- Cast of Daddy's Girls Season 2 - (From left to right): Brian, Jessica, Lynn, Vanessa, and Angela.
- Genre: Reality
- Created by: Jason A. Carbone Joseph Simmons
- Starring: Vanessa Simmons Angela Simmons
- Country of origin: United States
- No. of seasons: 2
- No. of episodes: 16

Production
- Executive producers: Jacquelyn French; Jason A. Carbone; Joey Simmons; Liz Gateley; Nick Lee; Rob Cornick; Sean Combs;
- Running time: 21 minutes
- Production companies: Bad Boy World Wide Entertainment Group; Good Clean Fun;

Original release
- Network: MTV
- Release: January 5 – September 22, 2009

Related
- Run's House

= Daddy's Girls (2009 TV series) =

American reality television series

Daddy's Girls is an American reality television series on MTV. The series debuted on January 5, 2009 with the second season premiering on August 11, 2009. The series follows Vanessa and Angela Simmons (oldest daughters of Joseph Simmons a.k.a. Rev Run), along with friends and family, as they start their new business and lives in Los Angeles.

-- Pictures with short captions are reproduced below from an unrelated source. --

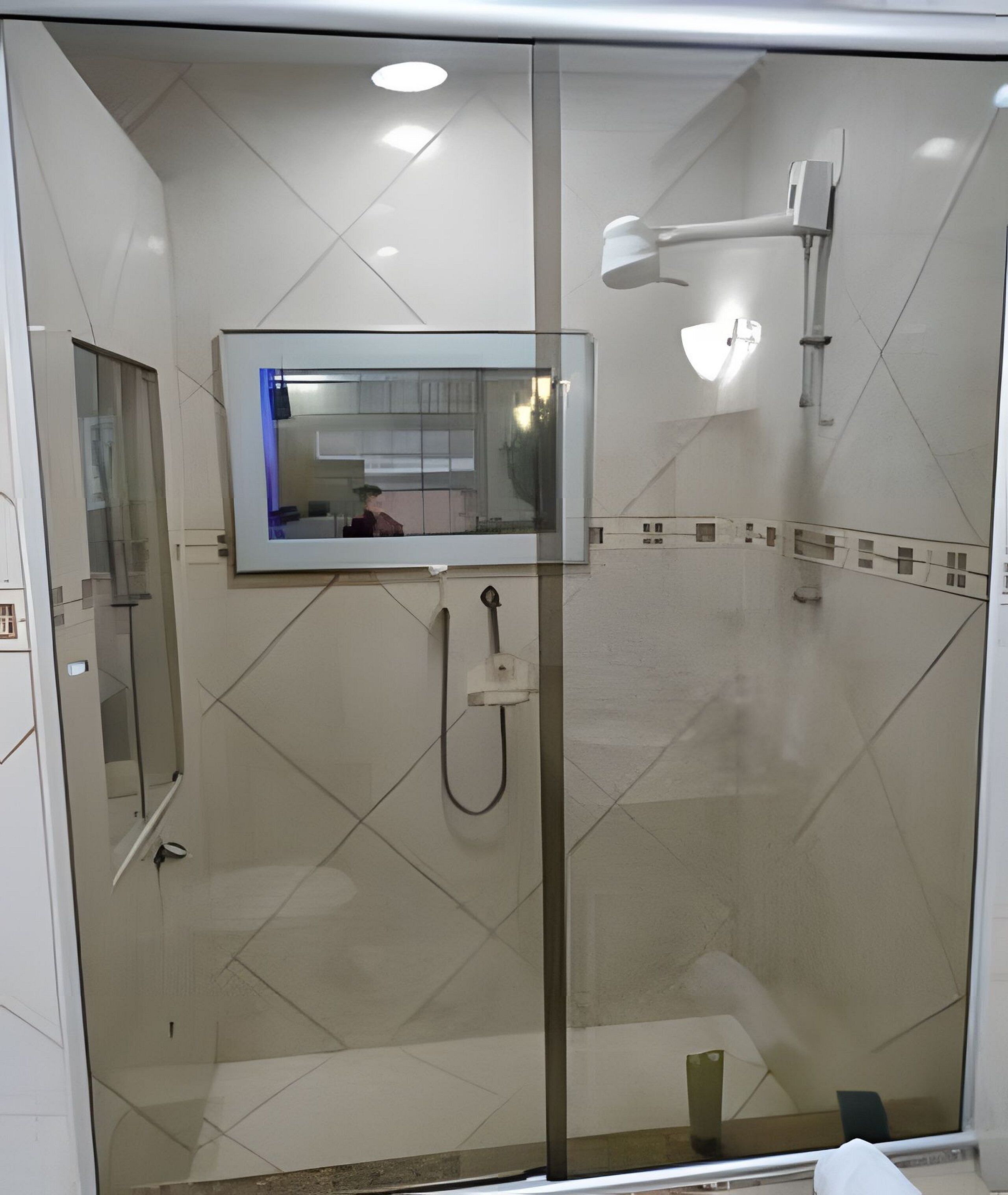 Ein modernes Badezimmer mit Duschkabine aus Glas, einem wandmontierten Spiegel und einer Handbrause.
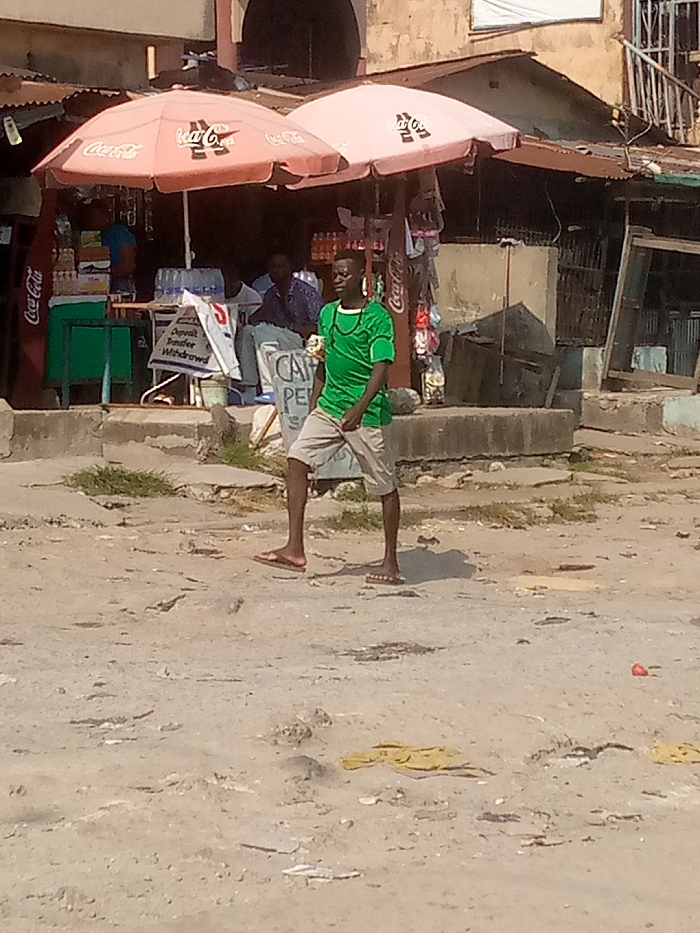 This image depicts an outdoor street scene in Badore, Nigeria, under daylight conditions.
In the foreground, an unpaved, dusty ground with uneven terrain and scattered debris, including a small red object and yellow fabric pieces, extends across the frame. A young adult male, dark complexion, is positioned slightly right of center, mid-stride, facing partially left. He wears a short-sleeved green shirt with a subtle pattern, light-colored (possibly khaki or grey) shorts, and brown flip-flops. A dark chain or strap is visible around his neck, and he holds a small, light-colored object in his right hand.
In the midground, a raised concrete curb separates the unpaved area from a retail stall or shop operating beneath two large, light-pink Coca-Cola branded market umbrellas. To the left, a dark-skinned individual in a blue shirt is partially visible behind a green counter, with various bottles and containers displayed. A Coca-Cola cooler stands upright on the far left. To the right, two dark-skinned individuals are seated; one wears a blue patterned shirt and faces left. A white sign reading "Deposit, Transfer, Withdrawal" is prominent, indicative of a financial service point. Another sign, partially visible, reads "CAMPENS" or similar. Various merchandise, including small packaged items, hangs from a display near the right umbrella.
The background consists of older, light-colored buildings with corrugated metal roofs. A dark arched doorway is visible in the central background building. A metal railing or staircase is present on the right side of a background structure. The overall environment suggests an urban or semi-urban setting with established, somewhat weathered infrastructure.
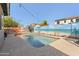 Swimming pool in backyard with mural, houses, and landscaping at 1700 W Paisley Dr, San Tan Valley, AZ 85144
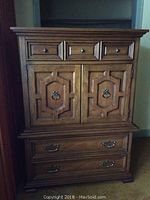 Front view of Malcolm wood dresser showing top three drawers and two cabinet doors below.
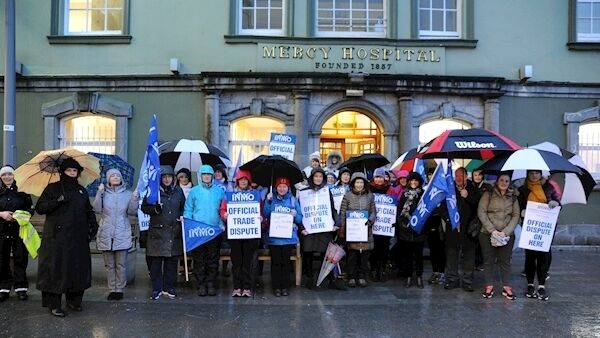 A group taking part in the INMO strike outside the Mercy University Hospital, Cork. Picture Denis Minihane.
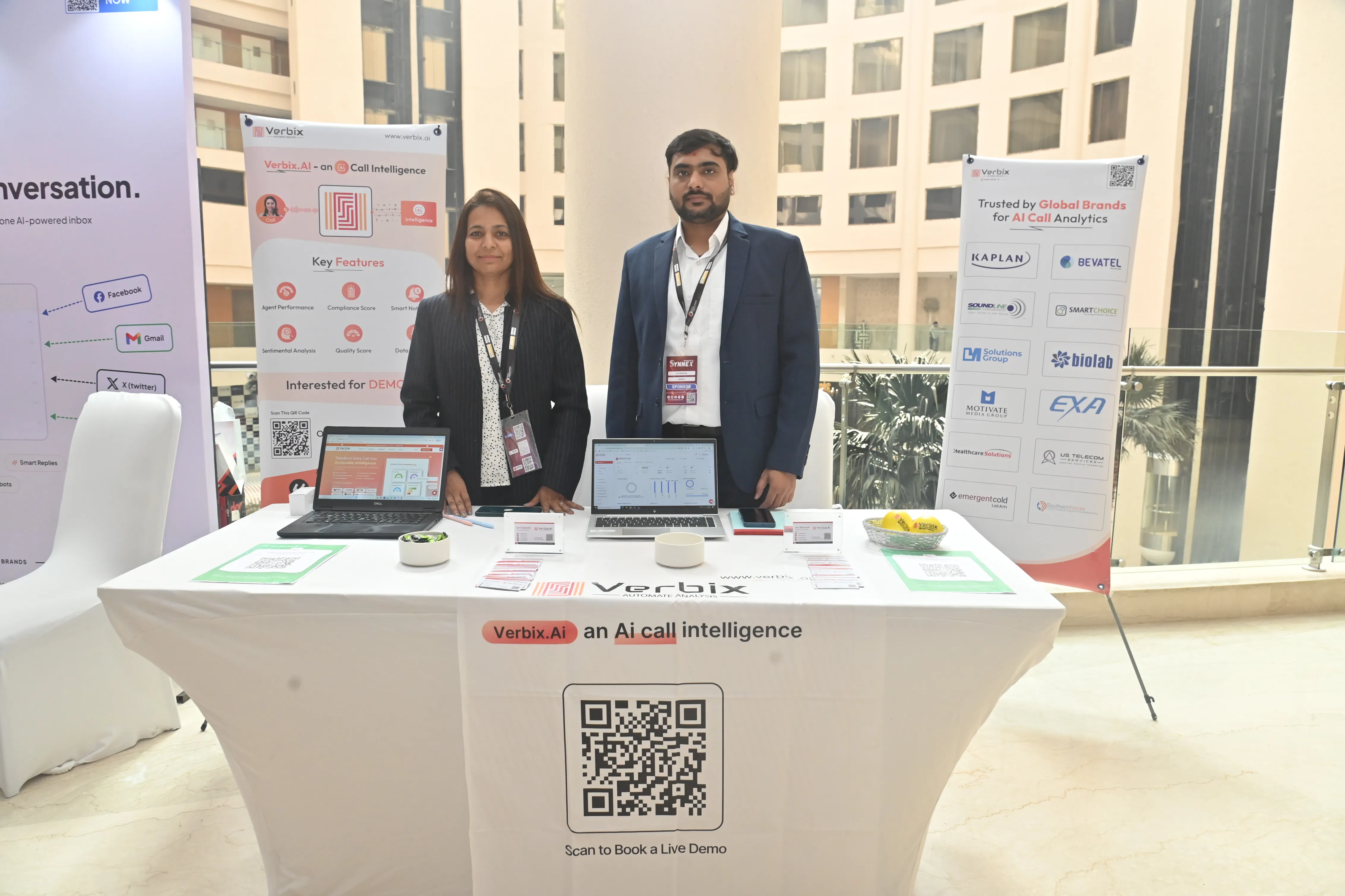 Verbix AI exhibition booth team interacting with visitors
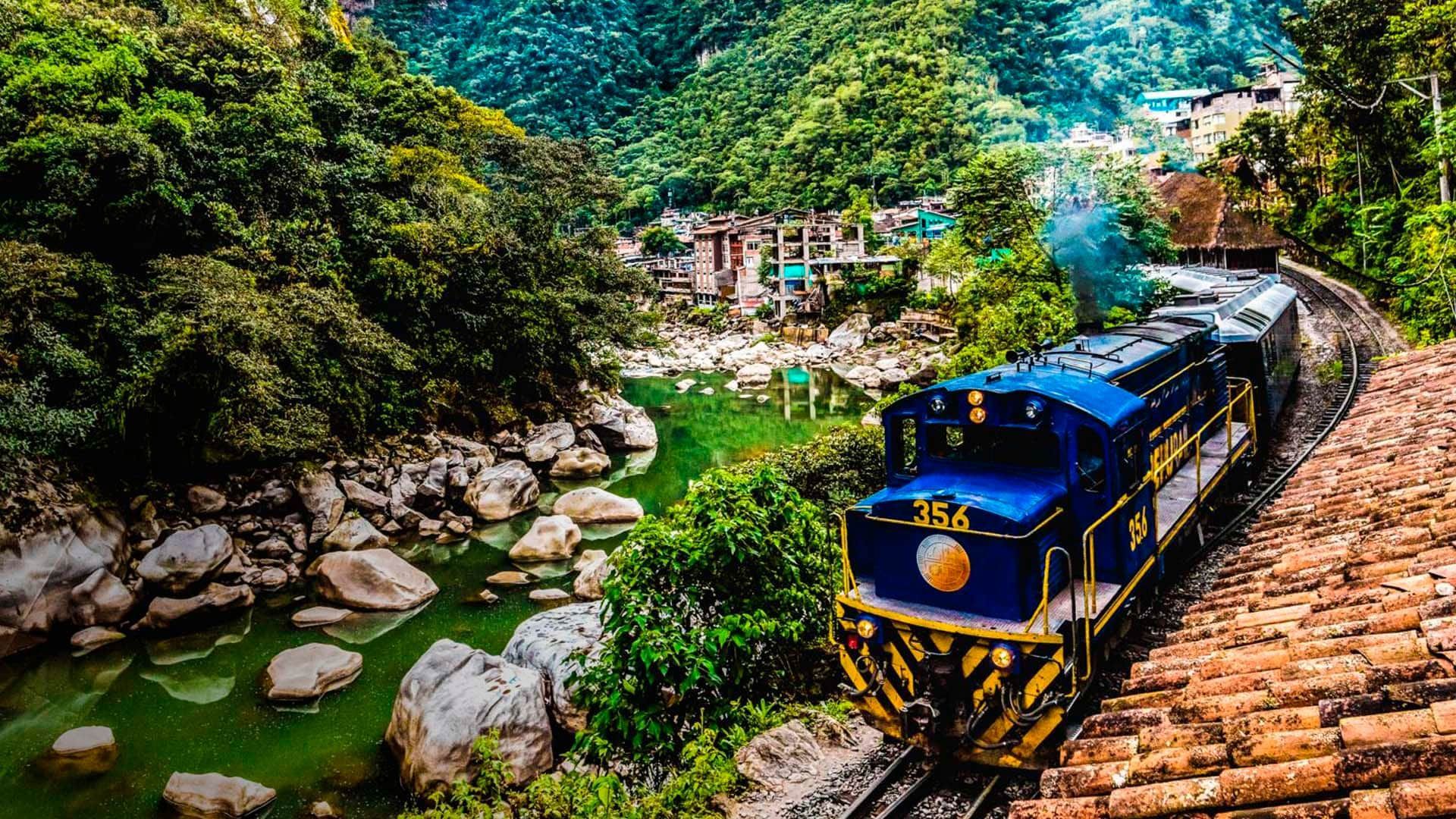 Un tren azul pasa por las vías al lado de un río.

The series is a spin-off of the series Run's House.

==Cast==
- Angela Simmons
- Vanessa Simmons
- Rev Run
- Justine Simmons
- "JoJo" Simmons
- Diggy Simmons
- "Russy" Simmons
- Miley Simmons
- LynnQuinEtta James
- Mike Wayans (season 2)

==Episodes==
===Series overview===

| Season | Episodes |  | Originally released |  |
| First released | Last released |
| 1 | 7 |  | January 5, 2009 | February 16, 2009 |
| 2 | 8 |  | August 11, 2009 | September 22, 2009 |

===Season 1 (2009)===

| No. overall | No. in season | Title | Original release date |
| - | - | "Launch Special" | December 28, 2008 |
| 1 | 1 | "New Beginnings" | January 5, 2009 |
Angela is trying to get over her break up with Terry Kennedy.
| 2 | 2 | "Sherlock Homey" | January 12, 2009 |
Angela and Vanessa try to catch Alycia in the act, but Jessica intervenes.
| 3 | 3 | "Have Your Pastry And Eat It Too" | January 19, 2009 |
Vanessa and Angela get a job offer to host an LA party.
| 4 | 4 | "Rev's Angels" | January 26, 2009 |
Angela wants a motorcycle; Vanessa goes speed dating to rehearse for a film.
| 5 | 5 | "Birthday Presence" | February 2, 2009 |
Angela and Vanessa have trouble balancing work and family; Jessica and Alycia consider interviewing for an assistant.
| 6 | 6 | "Keepin' It Real Estate" | February 9, 2009 |
The girls look for a house, and Jessica deals with her "self issues."
| 7 | 7 | "Pastry Party: The Best Of Daddy's Girls" | February 16, 2009 |

===Season 2 (2009)===

| No. overall | No. in season | Title | Original release date |
| 8 | 1 | "Movin' On Up" | August 11, 2009 |
Vanessa and Angela move into their new house in Beverly Hills. The good times hit a few snags when Angela deceives Vanessa into letting her friend Danielle move in.
| 9 | 2 | "In The Dawg House" | August 11, 2009 |
Danielle wants to bring a dog into the house so Angela brings her to an animal shelter. Once she is there she adopts a cat. Vanessa becomes extremely angry because her boyfriend is allergic to cats. Meanwhile, Jessica helps Brian win money in a basketball game.
| 10 | 3 | "Bummer Camp" | August 18, 2009 |
Vanessa, Angela, Lynn and Shawna decide to go camping for the weekend. While they're away, Jess and Danielle get into an argument that prompts Danielle to head back to New York.
| 11 | 4 | "Mousewarming Party" | August 25, 2009 |
Angela, Vanessa and Jessica throw a housewarming party, and everything's great until they discover the house is infested with mice! Angela freaks out and threatens to leave the house forever, so Vanessa and Jessica quickly track down an exterminator.
| 12 | 5 | "Model Behavior" | September 1, 2009 |
Vanessa and Angela cast models for their fashion show. Lynn wants to be involved, but she's been unreliable in the past, and Vanessa doesn't want to make the same mistake twice.
| 13 | 6 | "Turning The Tables" | September 8, 2009 |
Angela wants to be a DJ, but ends up biting off more than she can chew. So the others decide to teach her a lesson.
| 14 | 7 | "Hoop-LA" | September 15, 2009 |
A promotional interview is canceled on Angela and Vanessa. Later, Jessica has a crush on one of the guys at her weekly pickup game.
| 15 | 8 | "What's In Store" | September 22, 2009 |
Exciting life opportunities may split up the ladies and put their retail store in jeopardy. Meanwhile, Rev bonds with Vanessa's boyfriend.